The second season of HBO's fantasy drama Game of Thrones broke ratings records. It was also the most pirated TV show of the season. The series averaged nearly 4 million illegal downloads per episode, slaughtering the second and third ranked series How I Met Your Mother and The Big Bang Theory, which each averaged about 2.8 million illegal downloads per episode. Here, three lessons to be learned from TV fans' pirating habits:
1. It's time for HBO to cut the cord
The 3.9 million illegal downloads of each Game of Thrones episode is troubling because the HBO epic is the only series to have "as large an illegal audience as it does a legitimate audience," says Patrick Kevin Day at the Los Angeles Times. Ratings for its season finale just barely eclipsed the number of illegal downloads, with 4.2 million paying viewers. Why? Because viewers without cable subscriptions can't watch the show any other way, says Keith Wagstaff at TIME. It's not available for download on iTunes, nor for streaming on Hulu, Netflix, or any other legit site. The high level of piracy supports the movement for HBO to open up its HBO Go service — which only allows HBO subscribers to stream the network's shows — to those who don't subscribe to HBO, but would still pay for individual episodes, says Andre Yoskowitz at Afterdawn.
2. CBS needs better streaming options
"CBS has a famous aversion to making [its] content readily available online," says Darren Franich at Entertainment Weekly. That explains why How I Met Your Mother and The Big Bang Theory rank so high on this list. Since the audience demographics of both sitcoms "skews younger/nerdier than the network's other sitcoms, it makes sense that [CBS] would feel the piracy crunch." The network could drive people away from piracy by simply upping its streaming game.

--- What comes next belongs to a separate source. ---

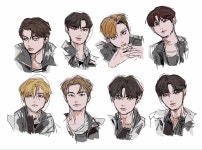 박가부대디원시티점 | 더쿠 - 알디원 팬아트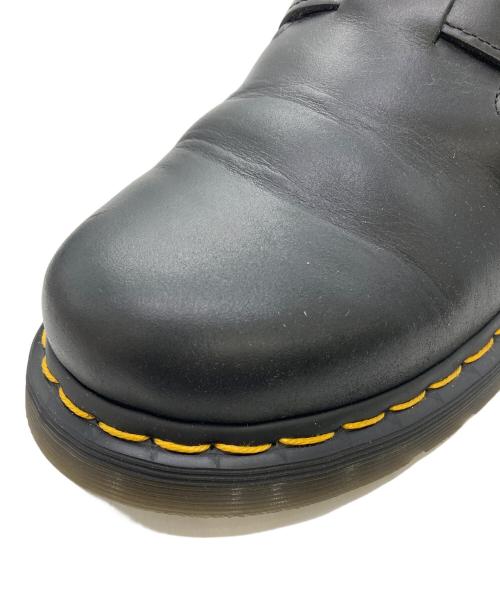 Dr.Martens（ドクターマーチン）Dr.Martens (ドクターマーチン) サンダル ブラック サイズ:UK7の古着・服飾アイテム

3. Piraters have tastes similar to broadcast viewers
Aside from the prestige cable dramas Game of Thrones and Mad Men, which ranks No. 5 on the list of illegal downloads, the rest of the Top 10 is populated by mainstream network shows, according to Torrent Freak. Shows like How I Met Your Mother, The Big Bang Theory, House, and Modern Family are mass-appealing, highly rated programs — not the quirkier, nerdier fare you'd expect web-savvy piraters to flock to. House, for one, is by some metrics the most popular show in the world, says Franich, so perhaps we shouldn't be surprised that it is also one of the most pirated.